For self shutdown you send command to Service Manager. Try this sample :
BOOL StopServiceCmd ( const char * szServiceName )
{
SC_HANDLE schService;
SC_HANDLE schSCManager;
SERVICE_STATUS ssStatus; // current status of the service
BOOL bRet;
int iCont=0;
schSCManager = OpenSCManager(
NULL, // machine (NULL == local)
NULL, // database (NULL == default)
SC_MANAGER_ALL_ACCESS // access required
);
if ( schSCManager )
{
schService = OpenService(schSCManager, szServiceName, SERVICE_ALL_ACCESS);
if (schService)
{
// try to stop the service
if ( ControlService( schService, SERVICE_CONTROL_STOP, &ssStatus ) )
{
Sleep( 1000 );
while( QueryServiceStatus( schService, &ssStatus ) )
{
iCont++;
if ( ssStatus.dwCurrentState == SERVICE_STOP_PENDING )
{
Sleep( 1000 );
if ( iCont > 4 ) break;
}
else
break;
}
if ( ssStatus.dwCurrentState == SERVICE_STOPPED )
bRet = TRUE;
else
bRet = FALSE;
}
CloseServiceHandle(schService);
}
else
bRet = FALSE;
CloseServiceHandle(schSCManager);
}
else
bRet = FALSE;
return bRet;
}
I believe that if you do this, then the service manager will think that your service has crashed and if the user ever sets it up to auto-restart, it will.
In .NET, you use the ServiceController to signal your service to shut down. I expect it is similar in Win32 since most of this stuff in .NET is just wrappers. Sorry, I don't have C++ code handy to shut down the service, but here is the .NET code.
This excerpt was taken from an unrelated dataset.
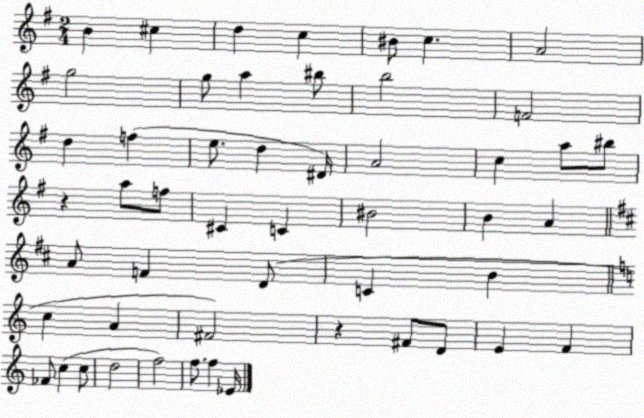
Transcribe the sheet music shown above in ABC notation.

This will hopefully help you Google the info you need, or find the docs in MSDN.
This is from some test suite code, thus the style of error checking ;) You will need to put this code in a thread so that the shutdown message gets handled.
private void stopPLService( bool close )
{
if ( m_serviceController == null )
{
m_serviceController = new ServiceController( "PLService" );
}
WriteLine( "StopPLService" );
if ( m_serviceController != null )
{
try
{
m_serviceController.Stop();
}
catch
{
// Probably just means that it wasn't running or installed, ignore
}
// Wait up to 30 seconds for the service to stop
try
{
m_serviceController.WaitForStatus( ServiceControllerStatus.Stopped, new TimeSpan( 0, 0, 30 ) );
}
catch ( System.ServiceProcess.TimeoutException )
{
Assert.Fail( "Timeout waiting for PLService to stop" );
}
catch
{
// Not installed, we only care in the start
}
if ( close )
{
m_serviceController.Close();
m_serviceController = null;
}
}
}
You probably want to use the ControlService or ControlServiceEx methods to shutdown your service. You should be able to get the required handle from the CServiceModule.